Influence of spin polarization on resistivity of a two-dimensional electron gas in Si MOSFET at metallic densities

TL;DR

This study investigates how spin polarization influences resistivity in a high-density two-dimensional electron gas in silicon MOSFETs, revealing a universal scaling behavior of positive magnetoresistance with magnetic field and spin polarization.

Contribution

It demonstrates that the positive magnetoresistance curves scale with the ratio B/B_c, incorporating temperature effects and the transition to quasi-3D transport regimes, extending understanding to metallic densities.

Findings

PMR curves merge when scaled by B/B_c across high densities.

Temperature dependence of B_c is crucial for curve merging at densities near n_c.

Transition from 2D to quasi-3D transport affects PMR at strong magnetic fields.

Abstract

Positive magnetoresistance (PMR) of a silicon MOSFET in parallel magnetic fields B has been measured at high electron densities n >> n_c where n_c is the critical density of the metal-insulator transition (MIT). It turns out that the normalized PMR curves, R(B)/R(0), merge together when the field is scaled according to B/B_c(n) where B_c is the field in which electrons become fully spin polarized. The values of B_c have been calculated from the simple equality between the Zeeman splitting energy and the Fermi energy taking into account the experimentally measured dependence of the spin susceptibility on the electron density.
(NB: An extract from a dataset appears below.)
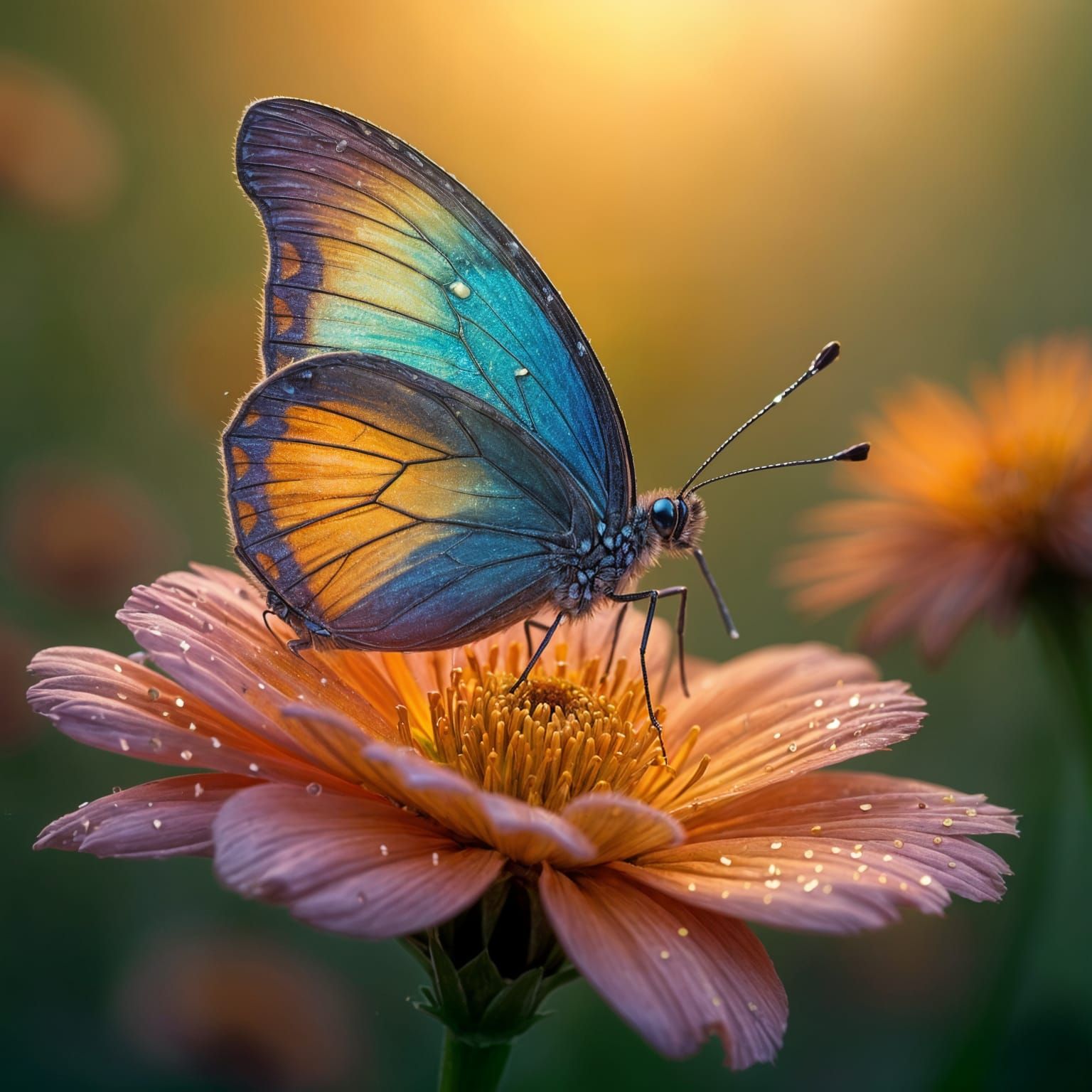 "A hyper-detailed macro scene of a dewdrop-covered butterfly resting on a kaleidoscopic flower petal at sunrise. Every s...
This extends the range of validity of the scaling all the way to a deeply metallic regime far away from MIT. The subsequent analysis of PMR for low n >~ n_c demonstrated that the merging of the initial parts of curves can bee achieved only with taking into account the temperature dependence of B_c. It is also shown that the shape of the PMR curves at strong magnetic fields is affected by a crossover from a purely two-dimensional (2D) electron transport to a regime where out-of-plane carrier motion becomes important (quasi-three-dimensional regime).